Morning Action: Congress Should Avert “Farm” and Immigration Bill Train Wrecks
FARM BILL. The Senate may vote on the trillion-dollar farm and food stamp bill as early as next week (sub. req’d):
Stabenow said she and ranking Republican Thad Cochran of Mississippi were still trying to negotiate an agreement on time and the number of amendments to be offered to the farm bill (S 954). Senators filed additional amendments over the Memorial Day recess, bringing the total to more than 200.
Stabenow said she was not surprised at the additional amendments.
“We’ll just have to figure out the best way (to deal with them). I think as long as we keep going, we will finish,” Stabenow said.
Last week, a Senate Democratic aide said Majority Leader Harry Reid probably would file a cloture petition to end debate on the farm bill Tuesday if Stabenow and Cochran were unable to negotiate an agreement. However, a vote on cloture would fall on Thursday, which could run into some of the ceremonies planned for Lautenberg.
Agriculture Committee member Charles E. Grassley, R-Iowa, said it is possible a vote on passage could shift into early next week, but that should not interfere with the Judiciary Committee’s timetable for bringing a comprehensive immigration bill (S 744) to the floor the week of June 10.
Regardless of which amendments are passed, the farm and food stamp bill should not be passed. It is fiscally irresponsible and maintains the status quo of subsidizing wealthy farmers on the taxpayers’ dime. It also fails to deal effectively with our nation’s record food stamp spending and participation.

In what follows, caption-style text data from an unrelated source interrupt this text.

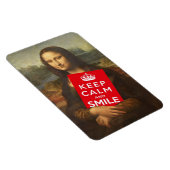Magnet Flexible Mona Lisa Restez Calme Et Souriez (Côté Droit)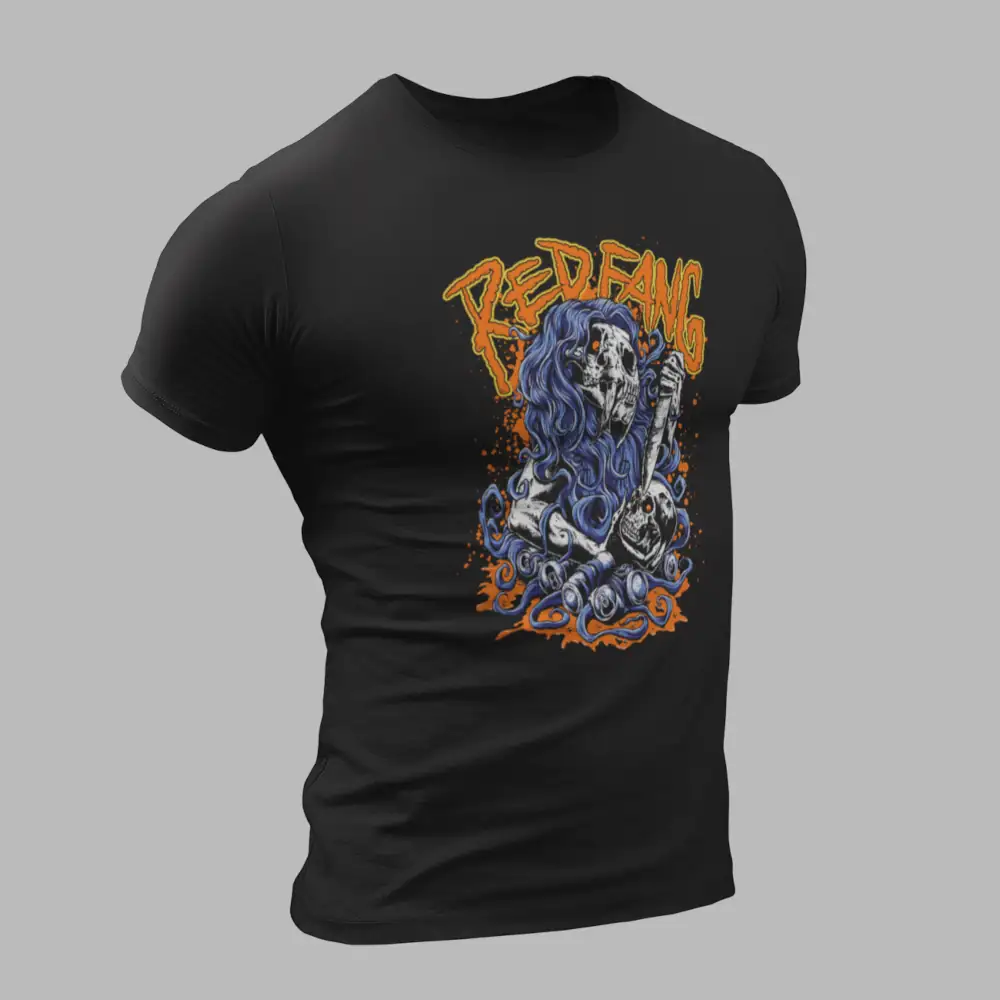 Red Fang T-Shirt, Red Fang Artwork Black T-Shirt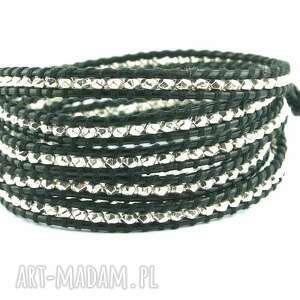 ręcznie zrobione snake wrap: metal platerowany srebrem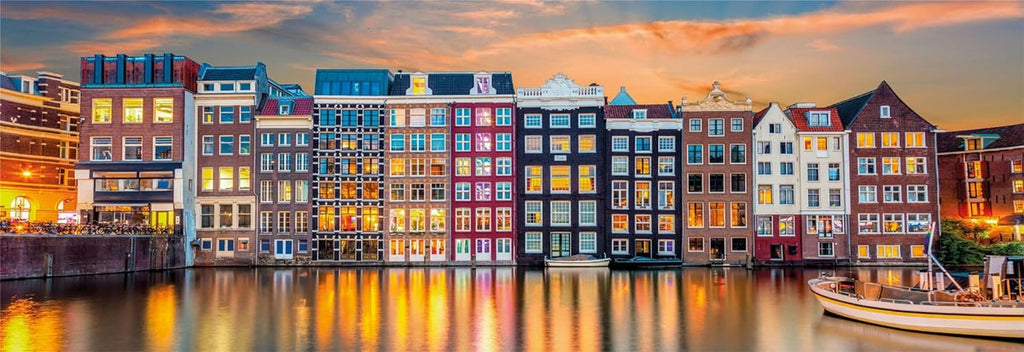 Rompecabezas 1000 Piezas Paisaje Amsterdam Clementoni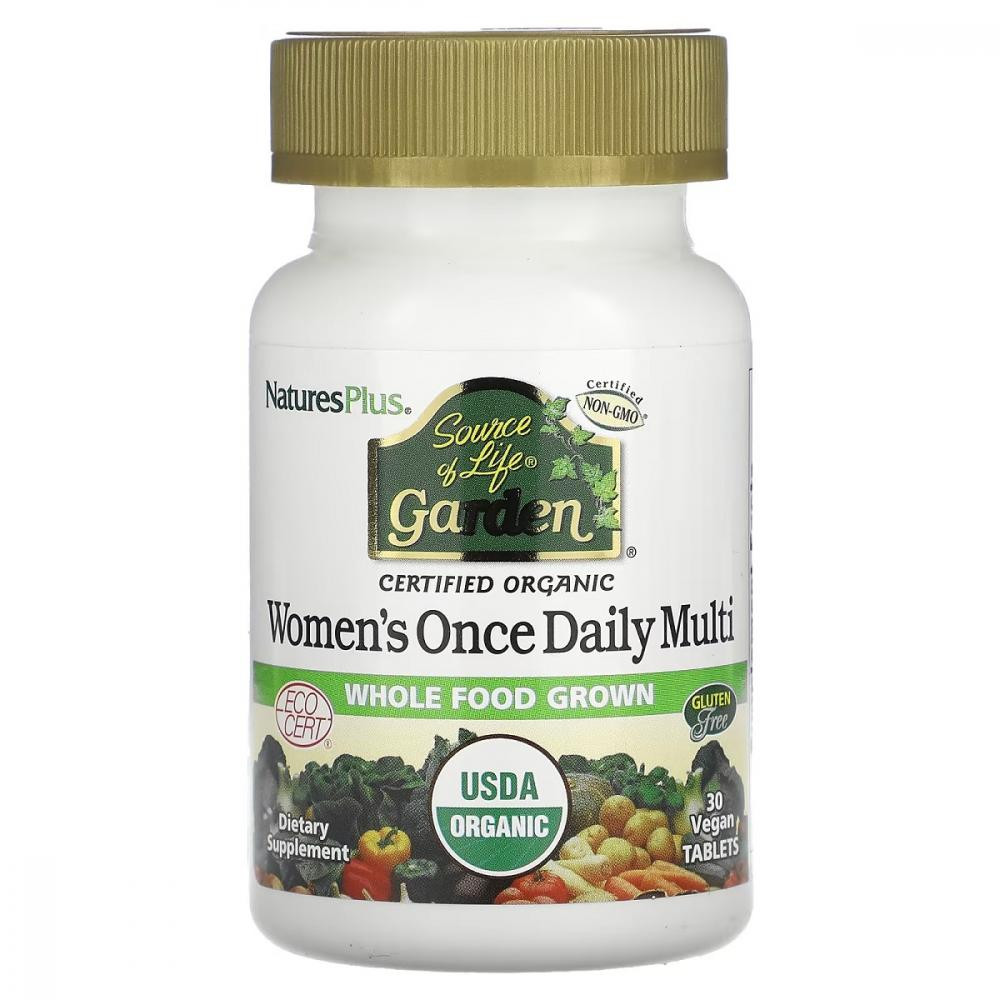 Nature's Plus Source of Life Garden Womens Once Daily Multi 30 tabs Органічні щоденні мультивітаміни для жінок - зображення 1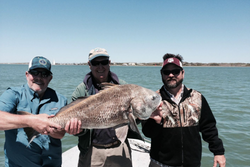 Fishing for Black Drum in Aransas Pass, TX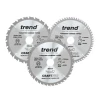 Trend CraftPro Saw Blade 190 x 30mm x 24T/40T/60T (Pack 3)
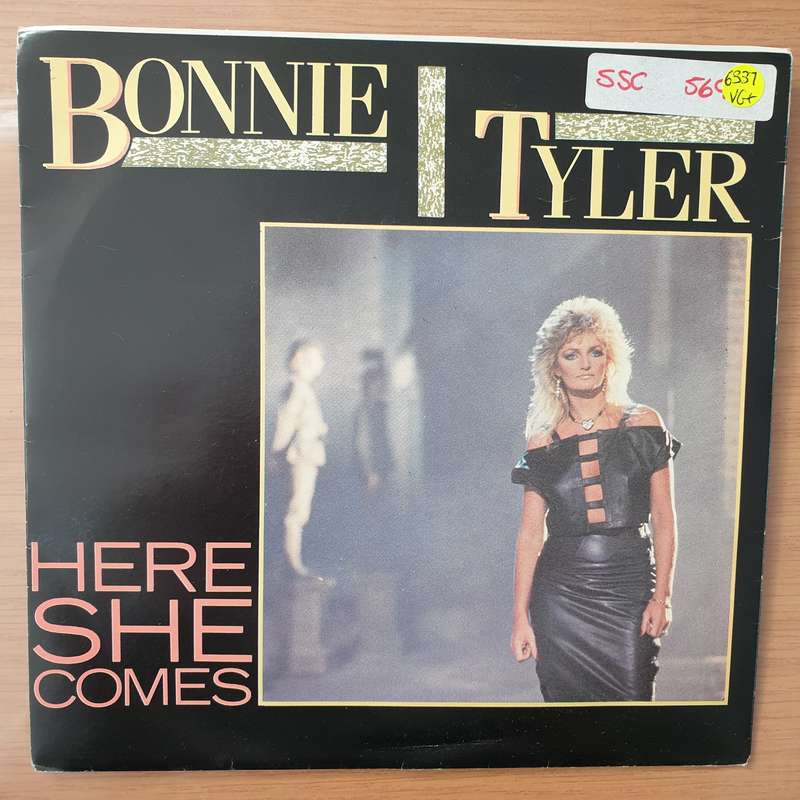 Bonnie Tyler  Here She Comes - Vinyl 7" Record - Very-Good+ Quality (VG+) (verygoodplus7)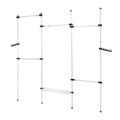 Floor To Ceiling Clothes Hanger Strong Internal Spring 30kg Load Capacity Closet Organizer Garment Rack Telescopic for Bedroom. 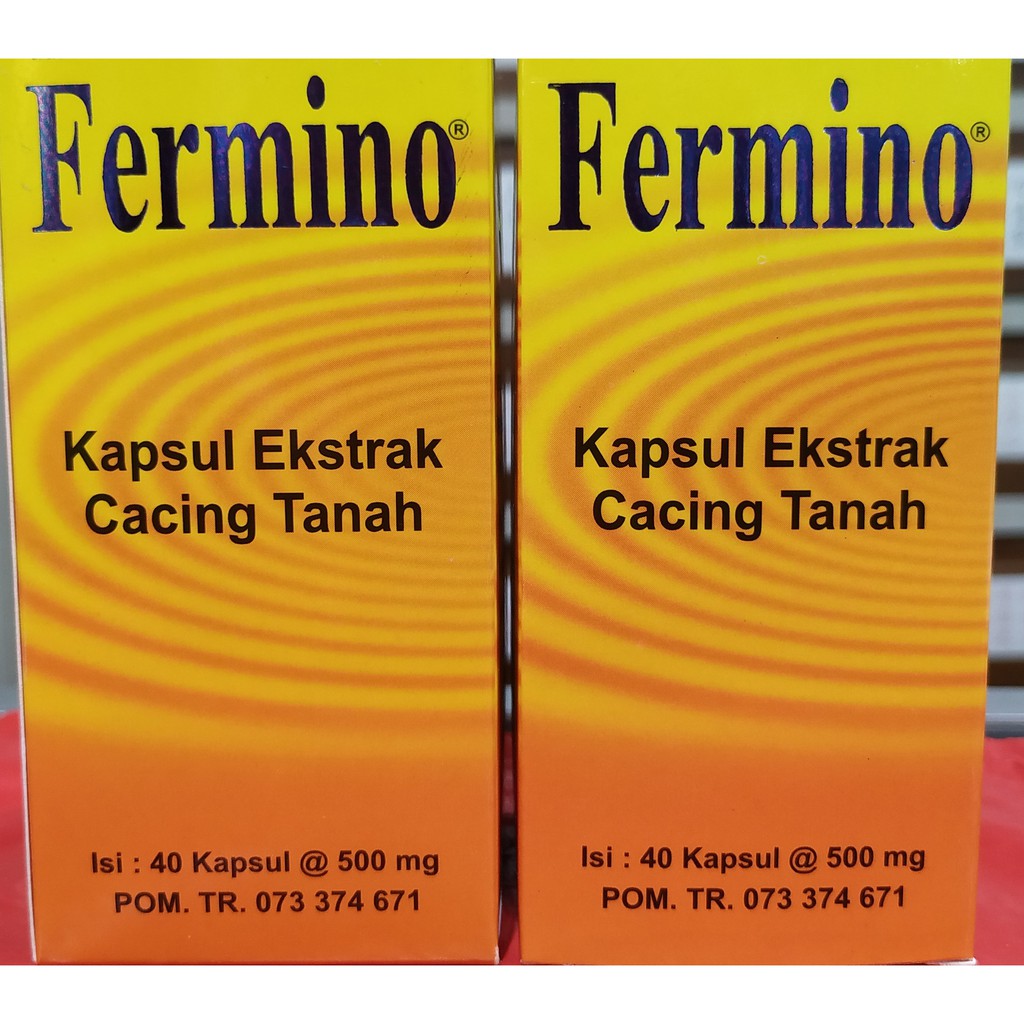 Obat demam Fermino kapsul ekstrak cacing tanah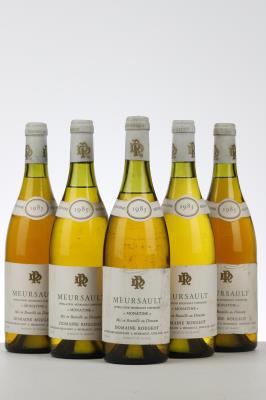 MEURSAULT MONATINE 1985 - Rougeot - 5 Bottles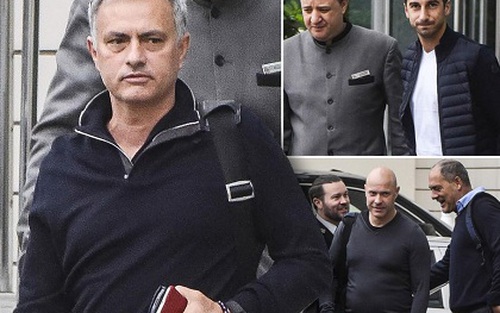 Jose Mourinho ra mắt Ban huấn luyện mới ở Man United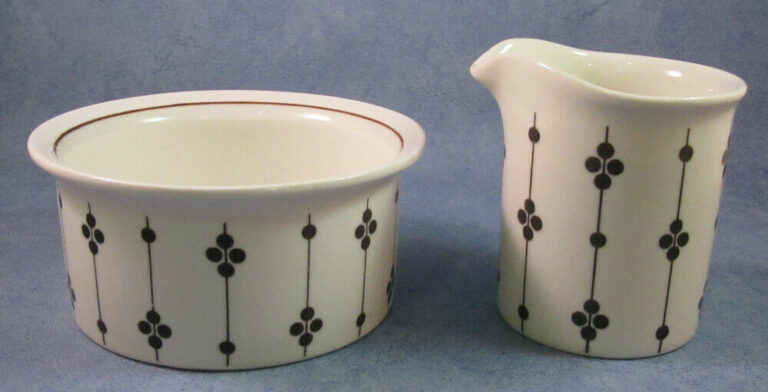Read more about the article ARABIA OF FINLAND  Kartano  Vintage  Sugar Bowl and Creamer  Excellent Condition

IMMIGRATION. The Gang of Eight immigration bill will head to the floor as soon as next week. Before it does, it will go through an open amendment process. Over 200 amendments will be considered, many of which are contentious:
Though no final decisions have been made by Democratic leaders on how to proceed, sources expect an open amendment process. The substantive conversation on floor strategy is expected to begin Monday evening, at the Democrats’ first leadership meeting in the Capitol after the Memorial Day recess. Senate Minority Leader Mitch McConnell, R-Ky., has said he would not support a filibuster blocking the bill from being brought to the floor.
An open debate process — pushed especially by Sen. Marco Rubio, R-Fla., and other GOP members of the bipartisan “gang of eight” negotiators — has been successful so far. The Senate Judiciary Committee considered more than 200 amendments before approving the amended text 13-5.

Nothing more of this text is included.